Laboratorios Farmaceúticos Made, Madrid, 1960-1967
© Fundación Docomomo Ibérico
Centro de Estudios Hidrográficos, Madrid, 1960-1963
© Fundación Fisac
Parroquia de Santa Ana, Madrid, 1965-1971
Bodegas Garvey, Jerez de la Frontera, 1969-1974
Edificio IBM (detalle), Madrid, 1966-1969
Laboratorios Jorba, Madrid, 1965-1969

Pero seguramente el edificio más emblemático de esta época es el de los Laboratorios Jorba (Madrid, 1965-1969).

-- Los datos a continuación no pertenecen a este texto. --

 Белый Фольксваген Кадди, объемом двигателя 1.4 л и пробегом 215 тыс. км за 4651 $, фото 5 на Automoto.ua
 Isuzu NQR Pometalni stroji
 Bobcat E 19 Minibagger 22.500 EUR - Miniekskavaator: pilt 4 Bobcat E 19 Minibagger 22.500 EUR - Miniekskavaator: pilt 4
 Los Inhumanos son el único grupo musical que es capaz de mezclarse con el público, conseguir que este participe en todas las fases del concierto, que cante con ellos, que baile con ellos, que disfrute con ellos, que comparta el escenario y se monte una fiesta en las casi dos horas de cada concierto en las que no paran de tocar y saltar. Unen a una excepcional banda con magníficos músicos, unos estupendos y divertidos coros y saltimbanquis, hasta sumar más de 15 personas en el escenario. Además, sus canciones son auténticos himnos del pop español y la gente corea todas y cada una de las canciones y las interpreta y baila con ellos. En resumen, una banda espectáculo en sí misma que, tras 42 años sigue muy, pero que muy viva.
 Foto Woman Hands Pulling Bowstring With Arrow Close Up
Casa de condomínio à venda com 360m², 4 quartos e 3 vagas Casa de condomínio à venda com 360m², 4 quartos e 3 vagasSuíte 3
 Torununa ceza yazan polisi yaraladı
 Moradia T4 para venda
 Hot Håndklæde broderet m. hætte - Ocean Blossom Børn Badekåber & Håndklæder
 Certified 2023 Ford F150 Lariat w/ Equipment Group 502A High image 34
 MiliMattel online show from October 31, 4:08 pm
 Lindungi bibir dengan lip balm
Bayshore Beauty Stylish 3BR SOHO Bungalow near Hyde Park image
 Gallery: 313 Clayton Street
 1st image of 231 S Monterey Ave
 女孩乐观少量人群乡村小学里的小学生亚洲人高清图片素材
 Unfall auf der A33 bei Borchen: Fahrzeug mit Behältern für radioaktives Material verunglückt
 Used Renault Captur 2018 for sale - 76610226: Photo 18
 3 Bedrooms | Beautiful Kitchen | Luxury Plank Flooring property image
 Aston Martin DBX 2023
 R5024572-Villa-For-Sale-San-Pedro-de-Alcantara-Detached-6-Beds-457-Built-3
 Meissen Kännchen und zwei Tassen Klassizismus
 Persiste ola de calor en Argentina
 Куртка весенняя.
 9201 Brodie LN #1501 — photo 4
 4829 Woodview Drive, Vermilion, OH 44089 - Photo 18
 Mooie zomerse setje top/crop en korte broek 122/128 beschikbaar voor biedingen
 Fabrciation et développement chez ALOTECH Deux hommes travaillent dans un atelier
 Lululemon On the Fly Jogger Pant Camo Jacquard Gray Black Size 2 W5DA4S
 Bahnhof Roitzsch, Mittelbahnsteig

Situado en la carretera de Barajas, el conjunto constaba de dos edificios: la nave de los laboratorios, cuya cubierta estaba realizada con vigas en hueso de doble ala, y una torre de oficinas de siete plantas. “Interesaba que llamara un poco la atención (una torre-anuncio)”, explicaba el arquitecto, “y yo he hecho una frivolidad, porque el programa exigía una frivolidad”. La frivolidad consistió en girar cada una de las plantas 45 grados respecto a la inferior, y en unir después esos volúmenes con planos paraboloides de hormigón armado. El efecto era lejanamente oriental, y por eso los madrileños la bautizaron como La Pagoda. Por desgracia, una serie de torpezas y errores administrativos –aunque también hubo acusaciones de especulación inmobiliaria y de conspiraciones del Opus Dei- llevaron a su demolición en julio 1999, a pesar de las protestas de muchos colectivos de arquitectos. “Se necesitaron 15 días”, comentó en su día Fisac con ironía. “Probablemente, en caso de terremoto o de una bomba atómica, La Pagoda se hubiera quedado en pie”.

A partir de la década de los 70, Fisac llevó su relación con el hormigón un paso más allá. Los huesos comenzaron a dar problemas de estabilidad, filtraciones o aislamientos, y decidió concentrar su atención sobre las fachadas, sobre la piel de los edificios. Mediante el uso de encofrados flexibles, que se hinchaban al verter el hormigón en su interior, creó edificios vibrantes y de aspecto mullido, que perpetúan de manera virtual el carácter fluido del material con el que están construidos. Tras haber iniciado su viaje por la arquitectura desde las vísceras (el mondongo), tras haber armado el esqueleto de huesos que conforma cada edificio, Fisac dedicó los últimos años de su carrera a estudiar el aspecto más íntimo del hormigón: esa “huella genética” que persiste en su interior.